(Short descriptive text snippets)
□ □ □
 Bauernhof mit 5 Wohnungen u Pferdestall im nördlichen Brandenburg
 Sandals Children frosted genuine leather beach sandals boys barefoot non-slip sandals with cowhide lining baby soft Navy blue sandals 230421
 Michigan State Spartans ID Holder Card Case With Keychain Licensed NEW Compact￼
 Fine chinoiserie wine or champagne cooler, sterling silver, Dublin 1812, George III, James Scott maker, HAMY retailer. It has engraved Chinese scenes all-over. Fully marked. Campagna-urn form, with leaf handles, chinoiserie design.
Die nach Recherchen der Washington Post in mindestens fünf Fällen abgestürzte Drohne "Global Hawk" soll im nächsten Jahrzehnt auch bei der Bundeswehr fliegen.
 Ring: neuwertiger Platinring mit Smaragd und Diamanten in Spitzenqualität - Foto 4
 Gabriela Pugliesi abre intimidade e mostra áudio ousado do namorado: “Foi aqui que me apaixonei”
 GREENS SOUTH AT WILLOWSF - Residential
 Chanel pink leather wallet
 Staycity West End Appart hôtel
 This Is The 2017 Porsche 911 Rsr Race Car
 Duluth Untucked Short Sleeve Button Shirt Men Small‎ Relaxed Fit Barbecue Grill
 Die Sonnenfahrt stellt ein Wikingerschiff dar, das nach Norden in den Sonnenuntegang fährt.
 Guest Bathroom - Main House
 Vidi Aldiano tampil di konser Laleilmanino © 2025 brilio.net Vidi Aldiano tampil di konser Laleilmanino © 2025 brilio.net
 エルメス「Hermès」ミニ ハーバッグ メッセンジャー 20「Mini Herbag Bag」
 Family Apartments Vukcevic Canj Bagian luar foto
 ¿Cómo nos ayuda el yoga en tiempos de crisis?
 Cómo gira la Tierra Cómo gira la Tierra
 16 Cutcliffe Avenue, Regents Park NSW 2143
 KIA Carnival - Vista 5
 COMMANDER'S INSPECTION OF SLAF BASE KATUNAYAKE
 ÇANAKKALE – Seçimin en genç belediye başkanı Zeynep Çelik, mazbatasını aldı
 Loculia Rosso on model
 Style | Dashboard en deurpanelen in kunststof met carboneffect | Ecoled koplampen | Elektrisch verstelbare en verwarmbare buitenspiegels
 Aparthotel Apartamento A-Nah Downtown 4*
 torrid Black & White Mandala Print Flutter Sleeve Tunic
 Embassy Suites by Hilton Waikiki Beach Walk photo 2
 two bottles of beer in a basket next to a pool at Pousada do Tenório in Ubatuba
□ □ □
§ Requirement: The entries above hold the needed span. Transcribe exactly the lines from the one with "Gabriela Pugliesi abre" to the one with "Loculia Rosso on model", both included.

§ Exercise solution:
 Gabriela Pugliesi abre intimidade e mostra áudio ousado do namorado: “Foi aqui que me apaixonei”
 GREENS SOUTH AT WILLOWSF - Residential
 Chanel pink leather wallet
 Staycity West End Appart hôtel
 This Is The 2017 Porsche 911 Rsr Race Car
 Duluth Untucked Short Sleeve Button Shirt Men Small‎ Relaxed Fit Barbecue Grill
 Die Sonnenfahrt stellt ein Wikingerschiff dar, das nach Norden in den Sonnenuntegang fährt.
 Guest Bathroom - Main House
 Vidi Aldiano tampil di konser Laleilmanino © 2025 brilio.net Vidi Aldiano tampil di konser Laleilmanino © 2025 brilio.net
 エルメス「Hermès」ミニ ハーバッグ メッセンジャー 20「Mini Herbag Bag」
 Family Apartments Vukcevic Canj Bagian luar foto
 ¿Cómo nos ayuda el yoga en tiempos de crisis?
 Cómo gira la Tierra Cómo gira la Tierra
 16 Cutcliffe Avenue, Regents Park NSW 2143
 KIA Carnival - Vista 5
 COMMANDER'S INSPECTION OF SLAF BASE KATUNAYAKE
 ÇANAKKALE – Seçimin en genç belediye başkanı Zeynep Çelik, mazbatasını aldı
 Loculia Rosso on model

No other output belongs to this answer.